■ WORK TO COMPLETE: Shown below is a listing with pictures; reproduce exactly, and only, the lines between the ones containing "The Moana By" and "What Do You Take Me For Chapter 154 - Page 9", inclusive, leaving the pictures out.

■ EXTRACTED MATERIAL:
☆ ☆ ☆ ☆ ☆
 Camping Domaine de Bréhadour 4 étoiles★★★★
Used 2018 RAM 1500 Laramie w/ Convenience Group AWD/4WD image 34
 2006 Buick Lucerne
☆ ☆ ☆ ☆ ☆
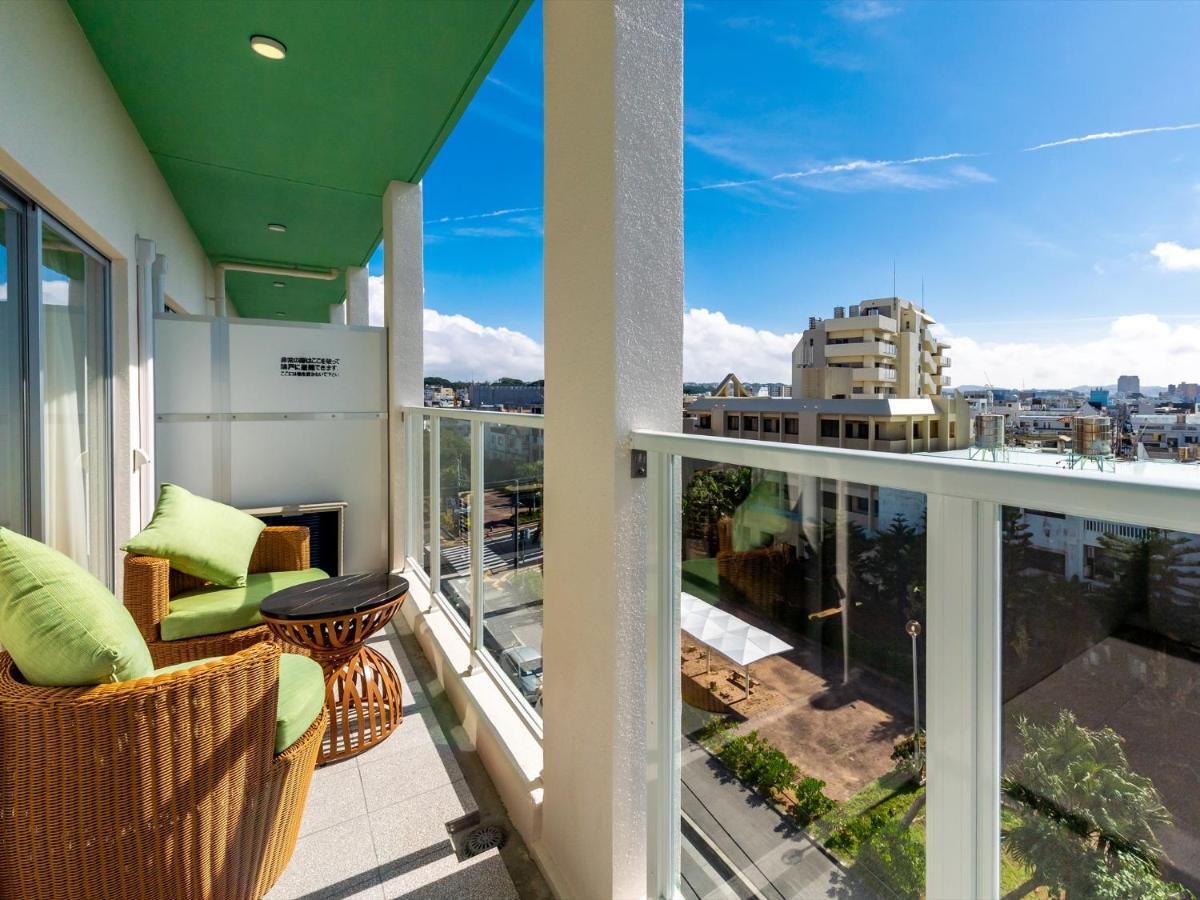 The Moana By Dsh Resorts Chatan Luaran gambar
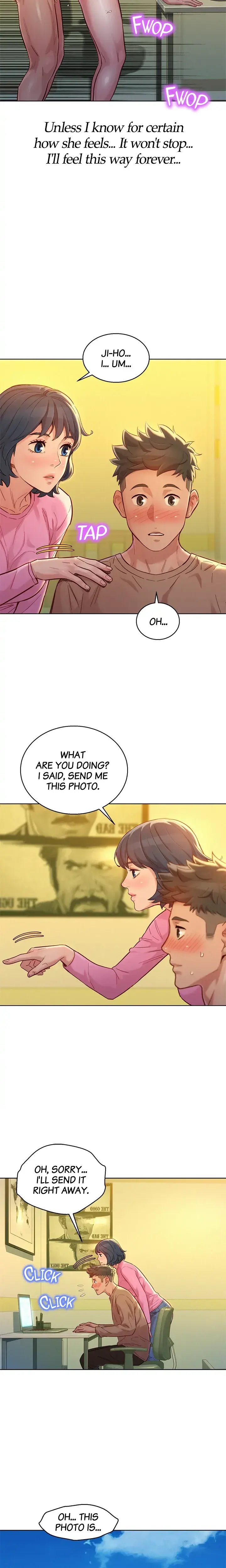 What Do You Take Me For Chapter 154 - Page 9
☆ ☆ ☆ ☆ ☆
■ OUTPUT OF THE TASK:
 The Moana By Dsh Resorts Chatan Luaran gambar
 What Do You Take Me For Chapter 154 - Page 9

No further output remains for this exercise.